When World War II erupted and the U.S. pledged its troops, Dempsey joined a host of former heavyweight champions like Tunney, Max Baer and James Braddock in serving. Involvement was mostly symbolic for “The Manassa Mauler,” who was in his late 40s and wanted to right an old wrong. But future heavyweight champs Ezzard Charles and Rocky Marciano also served, adding to the list.
Most importantly, heavyweight king Joe Louis not only joined the U.S. Army but became a go-to symbol of hope and patriotism. He even took leave from serving to defend the heavyweight title, and he initially did most of this nearly for free. Louis later paid a heavy price for his time in the army, as he picked up considerable wear on his body and accrued debt while fighting exhibitions.
Tradition worked against Ali. Generally speaking, heavyweight champions answered when called to serve in the military. Louis criticized Ali for refusing induction and Ali responded angrily, saying, “Joe Louis was a sucker. Look what happened to him.”
Still, Ali couldn’t just ignore what happened to Louis, his hero. Ali softened his stance later on and seemed to feel sympathy for a man who was clearly betrayed on numerous levels. Whether he understood any of the politics or the causes of the Vietnam War was irrelevant, because he understood enough to know he was expendable.
Ali struggled to navigate court dates and the impending suspension of his boxing license while he rattled off six fights in just over one year. He defended the title in Canada, England and Germany before fighting twice in Houston, where he was convicted of draft evasion in 1967. He eventually won his appeal and fought again, but those precious years Ali lost while in exile are widely viewed as one of boxing history’s greatest what ifs.
Bluster and hyperbole about how fighters are warriors is impossible to avoid. Some even believe the most cowardly pretenders are blessed with the sacred mark of your average Spartan soldier by virtue of simply lacing up boxing gloves. But on some level, every fighter gives up a piece of themselves. They offer up things they can never get back in exchange for something they might never attain. A lot like soldiers and warriors.
Joe Louis left his prime fighting exhibitions with sparring partners and training pals at various military bases and installations. He returned to boxing older, slower, heavier and with thinning hair after the war. And he experienced a best case scenario given the urgency of the conflict.

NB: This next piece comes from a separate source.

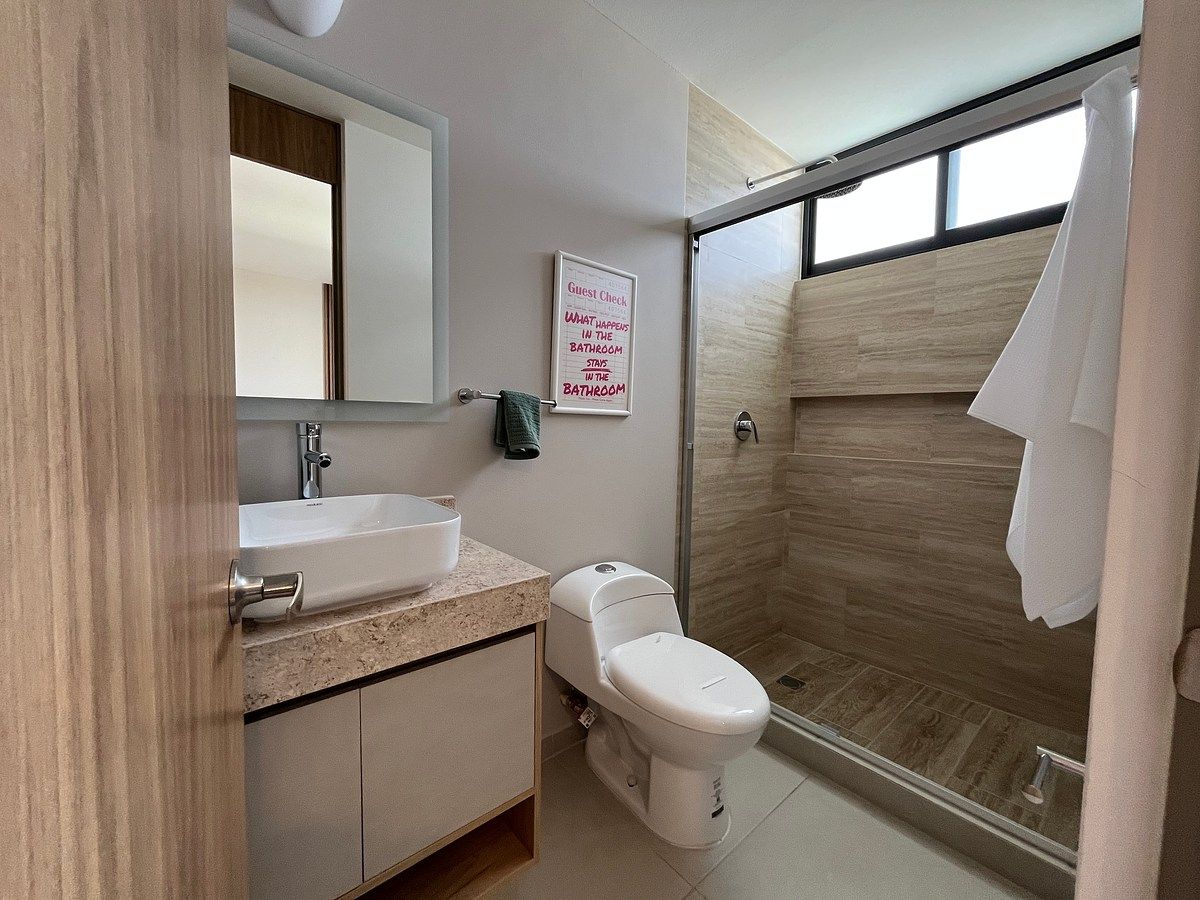 Habitación con baño completo planta alta, foto 12 de 26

Dempsey acknowledged that he probably wouldn’t have seen action had he been more proactive about joining the war effort the first time. “It was a hundred thousand to one that I would have spent the duration doing just what I did in civilian life -- fighting with gloves on.” But he didn’t join and he wasn’t drafted, so he had to listen as fans cheered Frenchman and war hero Georges Carpentier over heavyweight champion Jack Dempsey on American soil, and he endured the jeers as he faced Argentine Luis Ángel Firpo in boxing’s New York City homebase.

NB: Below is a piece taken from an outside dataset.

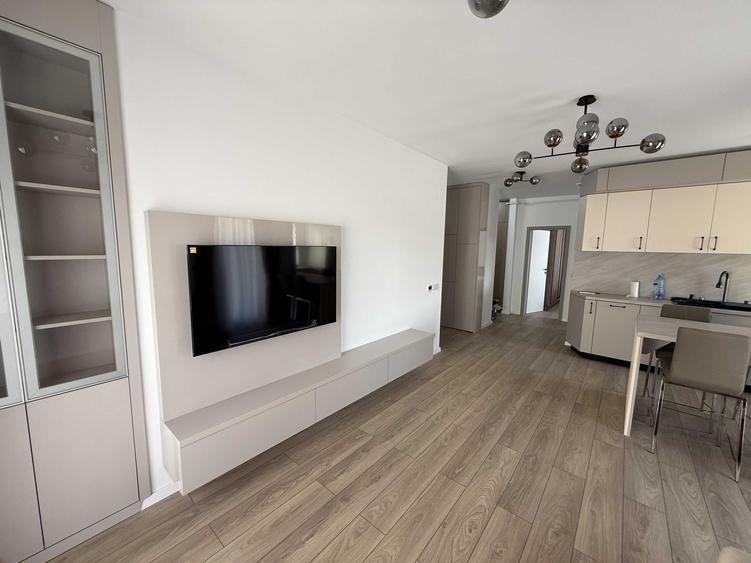Apartament cu 3 camere decomandat în Turnișor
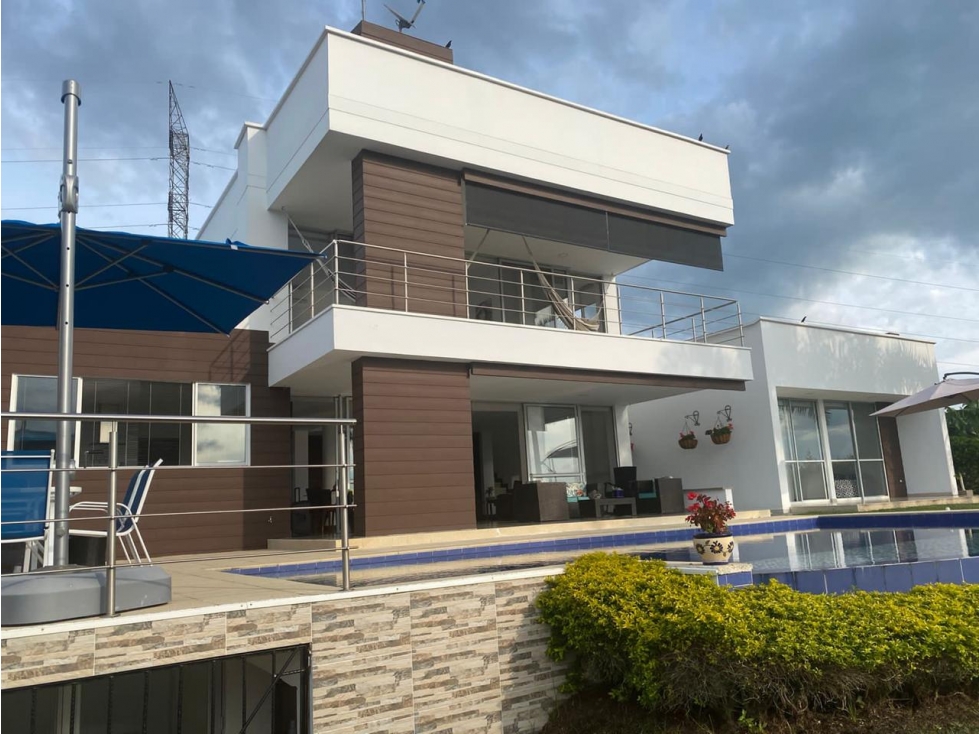 Venta Casa Campestre Sector Cerritos, Pereira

If Dempsey was to be believed, he genuinely wanted to serve in the army when he applied in 1942. The army wouldn’t take him due to his age, but he signed up with the U.S. Coast Guard, and ultimately he did truly perform a worthy service by teaching hand-to-hand combat to various troops. Though the slacker charge was never completely forgotten, his service drowned out all those old taunting voices.

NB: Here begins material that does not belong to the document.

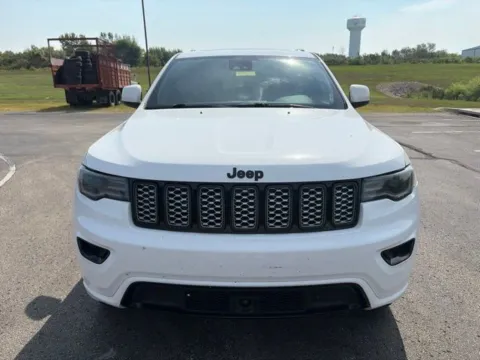 Photos of 2020 Jeep Grand Cherokee Altitude for sale in Maryville, MO at Tri-State Ford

Like Louis, Ali lost his prime. Unlike any of the others, Ali was willing to give up that which made him “The Greatest” in the ring for what he felt was right at the time, and history proved him uncomfortably correct.
For far too many, Ali is still a draft dodger. If Dempsey’s trespasses could be forgiven through his service in World War II, it’s worth asking whether the pain Ali endured and his deeds beyond the ring could absolve these early sins.